┌────────
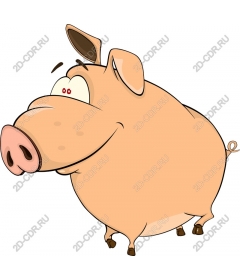  Cartoon pig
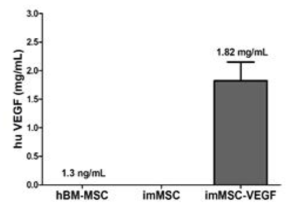 배양액에서 VEGF의 발현량 차이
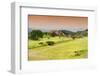 ¡Viva Mexico! Collection - Ruins of Monte Alban-Philippe Hugonnard-Framed Photographic Print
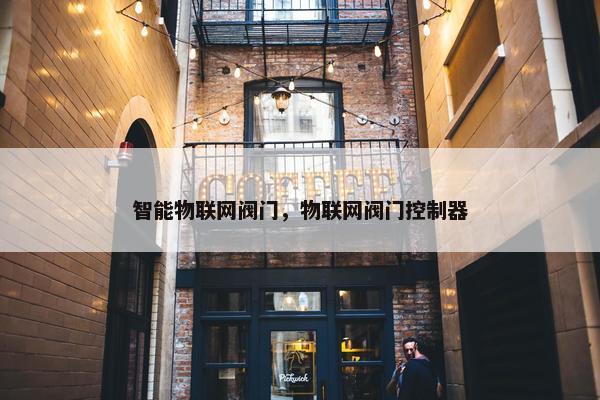 智能物联网阀门，物联网阀门控制器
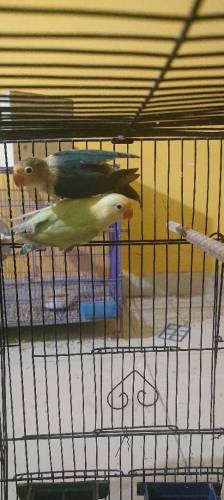 love birds sell 
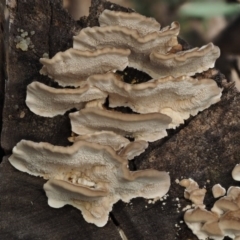 Trametes versicolor at Paddys River, ACT - 10 Jun 2016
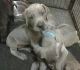 Great Dane Puppies for sale in Florence St, Denver, CO, USA. price: NA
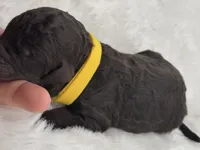 Beaufort , a male Bernedoodle for sale in Hickory, NC – 4 of 5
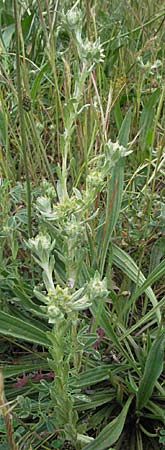 Filago pyramidata \ Spatelblttriges Filzkraut / Broad-Leaved Cudweed, F Corbières, Talairan 13.5.2007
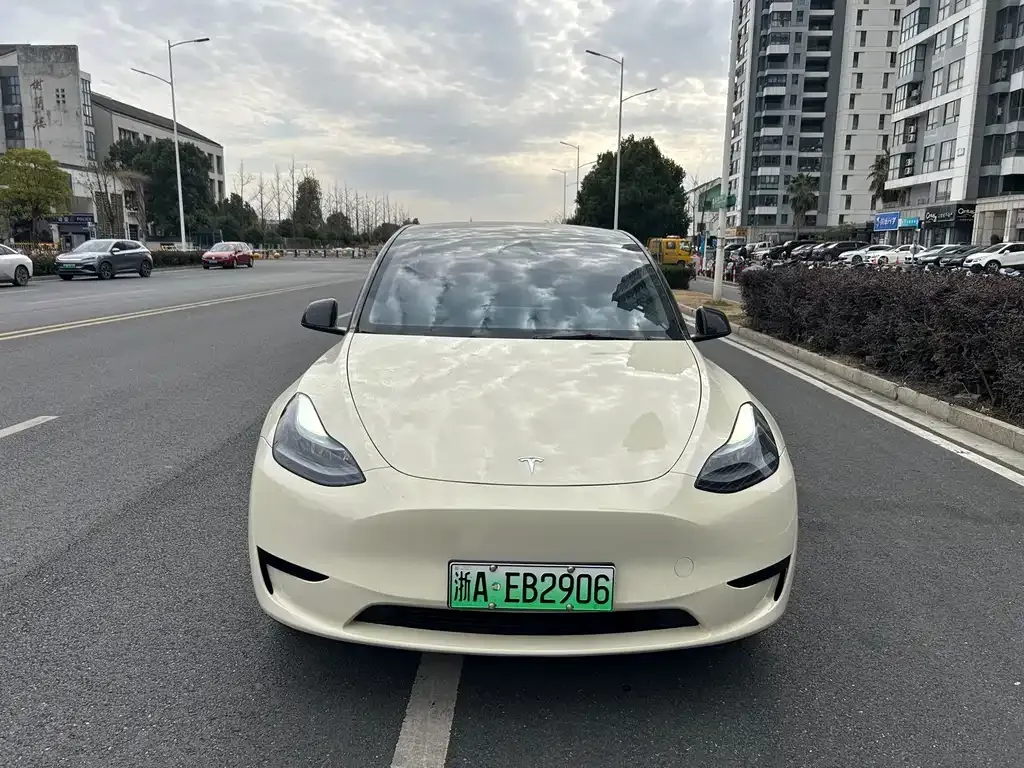 Tesla Model Y — фото 6
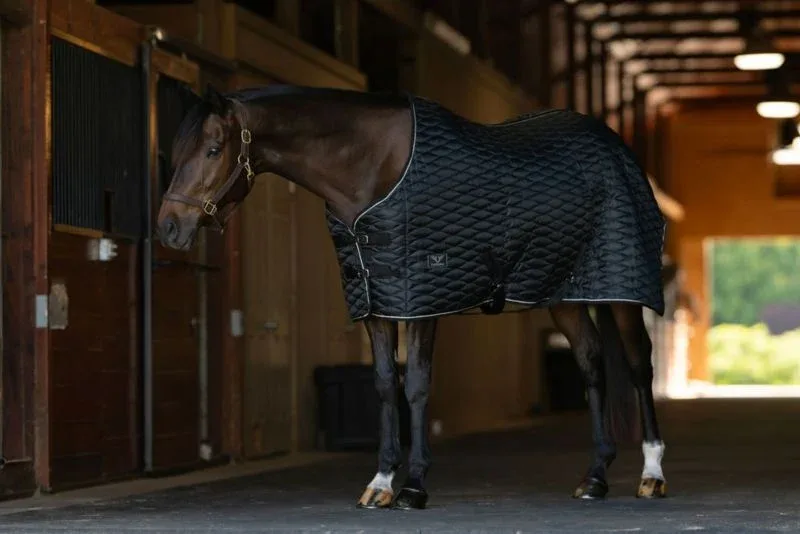 TR Kozy Komfort 420D Diamond Stable Blanket - Image 2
└────────
Produce an exact copy of the records above, leaving out the pictures.

- Task answer -
  Cartoon pig
 배양액에서 VEGF의 발현량 차이
 ¡Viva Mexico! Collection - Ruins of Monte Alban-Philippe Hugonnard-Framed Photographic Print
 智能物联网阀门，物联网阀门控制器
 love birds sell 
 Trametes versicolor at Paddys River, ACT - 10 Jun 2016
 Great Dane Puppies for sale in Florence St, Denver, CO, USA. price: NA
 Beaufort , a male Bernedoodle for sale in Hickory, NC – 4 of 5
 Filago pyramidata \ Spatelblttriges Filzkraut / Broad-Leaved Cudweed, F Corbières, Talairan 13.5.2007
 Tesla Model Y — фото 6
 TR Kozy Komfort 420D Diamond Stable Blanket - Image 2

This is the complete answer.